The following examples apply UC campus unit maximums (noted in the above link):
CCC to UC:
CCC (one CCC or multiple): 95
TOTAL LD units awarded: 70 (rounded from 95)
Non-CCC to CCC to UC:
CCC (one CCC or multiple): 60
CSU (LD): 12
TOTAL LD units awarded: 70 (rounded from 72)
CSU (UD): 20
TOTAL UNITS: 90 (may be in jeopardy at some UCs)
–> If you attended a UC be aware that all units, both lower and upper division, are added to the 70 unit count.
UC to CCC to UC:
CCC (one CCC or multiple): 76.5
TOTAL LD units awarded: 70 (rounded from 76.5)
UC Riverside (LD): 16
TOTAL UNITS: 86 (in jeopardy at Davis and Merced)
How do you know if a non-CCC course is transferable?
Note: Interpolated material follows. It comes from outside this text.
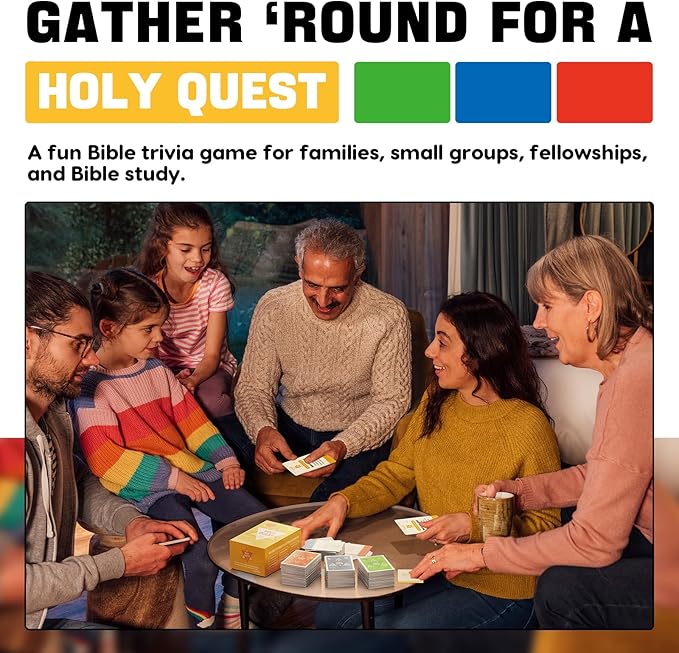 A Fun and Meaningful Bible Trivia Game, 400 Cards, Perfect for Bible Study, Youth Groups and Church Gatherings, Fun Christian Trivia Game for Adults and Family, A Great Christian Gift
Your courses from your previous college may all be lower-division, but how do you verify that they are all UC-transferable? That is the million-dollar question, and it cannot adequately be answered until the UCs look over your transcripts. (By the way, all UC courses transfer to other UCs.) However, there are ways to ballpark non-CCC course work:
- Look at the course title and description of your non-CCC course. If it closely matches a similar transferable course at a CCC, the odds are you’re good to go.
- Most general intro courses are transferable (e.g., Intro to Psych, Intro to Sociology, etc), assuming they have a similar unit count as noted by the CCC or UC. In other words, a 2-unit semester course probably won’t work.
- Another area just waiting to wreak havoc involves the mixing of semester and quarter units. Two quarter courses in a three-part series will only fulfill one semester course of a comparable two-part series.
Another reason that applicants often lose units is when sequence courses are taken out of order. If you take a lower-level course that is part of a sequence after a higher-level course you will not get unit credit for the misplaced course. (You will get subject credit, however.) Be aware that some courses that look like sequencing aren’t always so. One way to verify is to look at the pre-requisites for each course.
- Random Series 4A, 4B, 4C sure looks like a sequence, but in the course descriptions, 4A is not listed as a pre-req to 4B or 4C, and 4B is not listed as a pre-req to 4C. Thus, it is not a sequence series.
- Random Series 5A, 5B, 5C notes that 5A is required for both 5B and 5C, but 5B is not required for 5C. In other words, you must take 5A first, but then can take 5B or 5C in any order.
- Random Series 1A, 1B, 1C says 1A is required for 1B, and 1B is required for 1C. In this case, these all must be taken in sequential order.
Be extra-careful with:
— The required English composition course is usually required before the English critical thinking/comp course or you’re out of sequence. Be sure to verify.
— Lower level ESL courses taken after a college level English course are out of sequence.
— Lower level language courses taken after a higher level are out of sequence.
In all of these cases, units will be deducted.
Duplication of a course or series
In terms of any duplication, the UC policy is to award credit to the course or series that will provide the best outcome to the applicant.
- If you duplicate any course one will be deleted.
- If an AP exam duplicates a course, you will lose units from one.
- If you duplicate any series (most often occurring in math and physics) one entire series will be deleted from the count.
No doubt this all seems quite daunting – and sometimes it is. But most of the time (especially if you have only been at a CCC), unit calculations are straight-forward. If you’re not sure about a course transferring over, you may wish to pad your schedule with an easy 3-units or so to make sure you’re covered in case of loss.
Under all circumstances, go over your coursework with a CCC advisor, which you should be doing regularly, anyway.